Posted by Reineke Reitsma on December 28, 2009
[Posted by Reineke Reitsma]
In hindsight, 2009 marked a turning point for the market research industry, when technology and innovation became part of the ongoing discussion on how to move the industry forward while balancing the realities of a business world in a recession.
In the recently published report 'Predictions 2010: What Will Happen In Market Research' my team and I have identified ten trends that will shape market research in 2010. Three of these ten trends are:
- Global insights gain importance. Market trends are happening on a global level because social media platforms like Facebook, blogs, or YouTube have blurred territorial delineations, allowing consumers to influence each other independent of location. On top of that, we see a growing interest at companies to expand into other regions, like for example the BRIC markets. This means an increased interest in globally comparable data and a need to build a unified view of the global consumer (see also my earlier post on global generations).
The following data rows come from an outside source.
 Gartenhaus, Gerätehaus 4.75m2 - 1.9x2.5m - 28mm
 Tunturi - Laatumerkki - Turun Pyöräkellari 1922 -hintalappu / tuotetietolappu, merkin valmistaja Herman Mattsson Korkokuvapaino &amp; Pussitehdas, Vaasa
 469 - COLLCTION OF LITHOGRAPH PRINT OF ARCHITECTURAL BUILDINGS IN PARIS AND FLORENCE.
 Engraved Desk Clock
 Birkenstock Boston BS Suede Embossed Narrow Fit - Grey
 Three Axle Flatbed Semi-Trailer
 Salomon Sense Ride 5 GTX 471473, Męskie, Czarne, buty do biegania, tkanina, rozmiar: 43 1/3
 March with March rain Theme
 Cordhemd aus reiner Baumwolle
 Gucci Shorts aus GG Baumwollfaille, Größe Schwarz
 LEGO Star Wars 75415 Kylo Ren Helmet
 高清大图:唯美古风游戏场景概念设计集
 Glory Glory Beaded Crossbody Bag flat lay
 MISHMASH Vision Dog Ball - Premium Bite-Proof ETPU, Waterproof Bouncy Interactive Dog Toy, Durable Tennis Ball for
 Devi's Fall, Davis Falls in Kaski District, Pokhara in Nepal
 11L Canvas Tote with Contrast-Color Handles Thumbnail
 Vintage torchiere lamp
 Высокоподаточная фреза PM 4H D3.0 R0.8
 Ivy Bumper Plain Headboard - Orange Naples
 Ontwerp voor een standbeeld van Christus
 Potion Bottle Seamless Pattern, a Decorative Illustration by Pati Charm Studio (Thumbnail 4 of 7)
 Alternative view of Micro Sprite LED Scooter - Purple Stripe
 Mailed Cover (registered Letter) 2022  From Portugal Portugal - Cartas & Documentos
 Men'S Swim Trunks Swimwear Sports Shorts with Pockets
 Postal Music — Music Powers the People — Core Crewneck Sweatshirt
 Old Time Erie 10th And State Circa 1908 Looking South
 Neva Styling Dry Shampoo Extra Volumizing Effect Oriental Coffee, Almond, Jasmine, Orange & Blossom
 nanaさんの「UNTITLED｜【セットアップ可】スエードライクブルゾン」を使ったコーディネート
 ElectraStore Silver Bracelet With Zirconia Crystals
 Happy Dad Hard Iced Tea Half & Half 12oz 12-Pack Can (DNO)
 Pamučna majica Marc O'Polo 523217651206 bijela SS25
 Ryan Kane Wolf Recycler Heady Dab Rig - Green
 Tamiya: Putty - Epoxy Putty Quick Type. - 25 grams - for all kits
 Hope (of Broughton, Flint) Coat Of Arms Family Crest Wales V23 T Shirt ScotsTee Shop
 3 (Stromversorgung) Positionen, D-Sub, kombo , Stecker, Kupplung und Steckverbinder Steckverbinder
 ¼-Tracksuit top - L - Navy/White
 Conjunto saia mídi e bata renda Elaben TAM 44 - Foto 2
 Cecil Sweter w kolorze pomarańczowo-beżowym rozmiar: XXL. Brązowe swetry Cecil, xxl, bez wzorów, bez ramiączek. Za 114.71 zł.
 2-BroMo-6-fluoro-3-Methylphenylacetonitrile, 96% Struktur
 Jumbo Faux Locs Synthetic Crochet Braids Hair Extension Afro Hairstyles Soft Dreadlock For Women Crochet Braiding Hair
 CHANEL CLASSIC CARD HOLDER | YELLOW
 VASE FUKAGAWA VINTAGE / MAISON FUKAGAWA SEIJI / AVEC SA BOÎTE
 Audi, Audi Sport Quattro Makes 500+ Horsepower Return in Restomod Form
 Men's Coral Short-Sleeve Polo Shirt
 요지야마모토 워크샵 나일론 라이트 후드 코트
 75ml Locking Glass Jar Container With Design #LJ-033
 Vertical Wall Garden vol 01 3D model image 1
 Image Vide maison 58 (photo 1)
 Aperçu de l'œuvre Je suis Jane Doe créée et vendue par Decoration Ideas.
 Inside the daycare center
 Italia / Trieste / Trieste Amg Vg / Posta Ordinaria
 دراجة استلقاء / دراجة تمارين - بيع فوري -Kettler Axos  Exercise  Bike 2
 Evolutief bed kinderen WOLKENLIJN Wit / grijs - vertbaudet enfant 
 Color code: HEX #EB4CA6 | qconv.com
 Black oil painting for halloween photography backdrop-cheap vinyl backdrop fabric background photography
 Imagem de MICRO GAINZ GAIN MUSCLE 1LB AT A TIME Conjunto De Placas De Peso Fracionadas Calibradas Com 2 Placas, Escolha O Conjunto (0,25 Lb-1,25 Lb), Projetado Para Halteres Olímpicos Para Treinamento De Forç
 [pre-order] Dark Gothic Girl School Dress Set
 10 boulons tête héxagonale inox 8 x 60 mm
- Market research buyers will continue to consolidate vendors. Because of the increased monetary pressure on market research, 2009 was the year where “nice to have” wasn't enough: buying decisions were made based on quality, usage, and value (which is actually a good thing). Now that companies have gotten into the routine, we expect this trend to continue in 2010. Contracts will constantly be reviewed and evaluated and, if needed, amended or terminated.
- Market researchers will incorporate more innovative research methods into the mix. The uptake of social media by consumers, and the related insight gathering made possible by specialized tools, will require market researchers to get up to speed with these developments (see also my earlier post on information sharing in a 3-D world). For their 2010 research calendars, they need to decide now which projects should be executed by mining available social media data sources, which require data collection via traditional research methodologies (including online), and which innovative research methods, like MROCs or mobile, should receive new budget.
Other trends we're covering in the 'Predictions 2010: What Will Happen In Market Research' report are around the need to invest time into redefining the way market researchers work, with an increased focus on ROI; build a research framework that helps prioritize requests; share knowledge across the organization in a more structured way; and redefine target groups and segments.
Please let me know which of other trends you expect to see in 2010, and which 2009 trends you'd like to see go away.
Happy New Year, may all your (market research) wishes come true!